According to ISM, manufacturing firmed once again at the end of 2013, climbing to its best level since April 2011 in both production and new orders. But there’s still reason for skepticism, says Michael Montgomery, U.S. economist with advisory firm IHS Global Insight.
“The problem remains the chronic lack of confirmation in government data on manufacturing,” says Montgomery. “It shows gains as barely over tepid growth, but the ISM report hardly indicates robust growth.
Montgomery adds that the surveys seem to be reporting that the strengthening is broad-based, and that the most recent industrial production data did show gains. But what does it take for gains to be both broad and deep? The answer is simple, say IHS economists, who contend that the world manufacturing and goods trading markets need to all be moving in synch.
“Right now the world is growing at several different speeds,” says Montgomery. “The U.S. and Japan are both reporting good gains in the surveys. The UK is booming, but the Eurozone and China are struggling with very modest gains.” He adds that if China and Europe can catch up to the growth pace of the other three, then the manufacturing sector will be on a roll. “If that’s the case,” says Montgomery, “with one side of the ocean pushing the other to strength, that will spur growth in the first.”
But it’s that synchronization that’s currently absent as Europe struggles with its structural problems. Meanwhile, industry experts in the fuel, rail, trucking, air, ocean, and parcel sectors are telling shippers to ready themselves for a gathering concentration of rate hike attempts.
Fuel: Loaded with uncertainty
Surplus oil production capacity has been an unreliable metric to date, notes Derik Andreoli, Ph.D.c., senior analyst at Mercator International LLC and Logistics Management’s popular Oil & Fuel columnist. He adds that, historically, when surplus production capacity declines to 1.5 percent of total liquid fuels consumption, oil prices increase and become much more volatile.
“This year, surplus production capacity fell from 3.0 percent of total consumption to 1.7 percent by August, but rebounded to 1.9 percent in September,” says Andreoli. “With such a thin cushion, any price forecast will be loaded with uncertainty.”
Andreoli adds that if global oil demand picks up faster than producers are able to add capacity, prices will ramp up, and any credible threat of disruption will have the same effect. “Alternatively, production disruptions currently amount to more than 2.0 percent of global capacity, so if just half of these bottlenecks are relieved, surplus capacity could rise to a comfortable level and price pressures would ease.”

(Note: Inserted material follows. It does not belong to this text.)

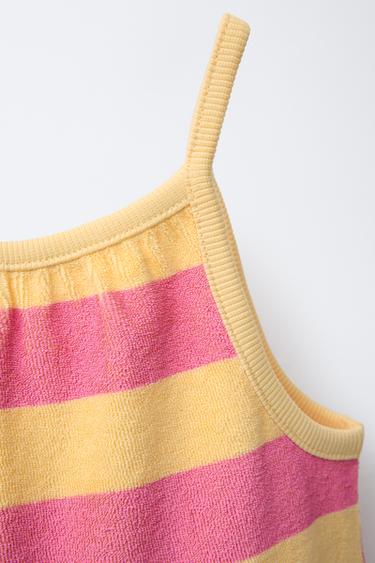 COMBINAISON SERVIETTE IMPRIMÉE - Jaune de Zara - Image 2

With these caveats in mind, Andreoli says that weak demand in emerging markets, continued “sustainability” gains in Europe and the U.S., and continued growth in domestic production of shale oil will likely cause oil prices to decline slightly through the first half of the year. Then, he believes that price levels will spike in the second half of 2014 as the pace of global economic growth accelerates.
“And as a result, diesel prices are likely to remain elevated, and alternative fuels, especially compressed natural gas, will continue to sell at a steep discount on an energy equivalent basis, even as natural gas wellhead prices rise,” says Andreoli.

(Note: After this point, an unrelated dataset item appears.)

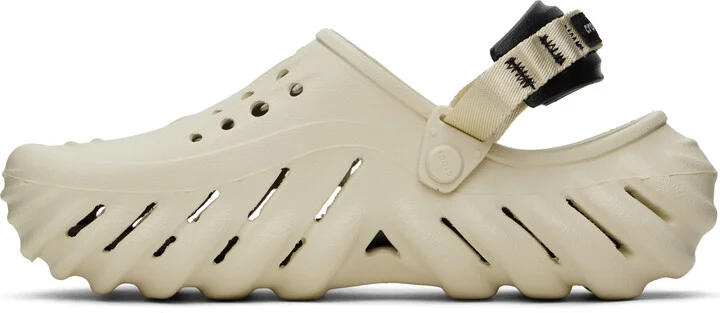 Crocs Beige Echo Clogs - Image 3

According to Andreoli, Mercator International has modeled dozens of fuel price scenarios in order to evaluate the feasibility of CNG and LNG fleet conversions from a firm-level cash flow basis. “We’ve concluded that conversion offers significant savings in many, but not all, cases,” he says. Hear more from Andreoli during Logistics Management’s 2014 Rate Outlook Webcast.
Over the coming year, he adds, shippers can expect the rapid adoption of CNG alternatives, but the current fleet is so small that even a doubling of the number of natural gas vehicles will not dent diesel demand.
Trucking: Modest bump
Andreoli’s forecast resonated with Stifel Nicolaus trucking analyst John Larkin, who observes that the expense of diesel will remain stable. Meanwhile, trucking rate increases lost momentum in 2013, as the much-anticipated capacity crunch failed to materialize—even after the implementation of new capacity sapping hours of service (HOS) rules on July 1.
“Some truckload carriers were able to push rates up 1 percent to 2 percent on average, with most of those gains realized early on in the year,” says Larkin. Others, he adds, were able to push unit revenue up a little beyond that level by applying technology to better select higher rated freight and improve their freight mix.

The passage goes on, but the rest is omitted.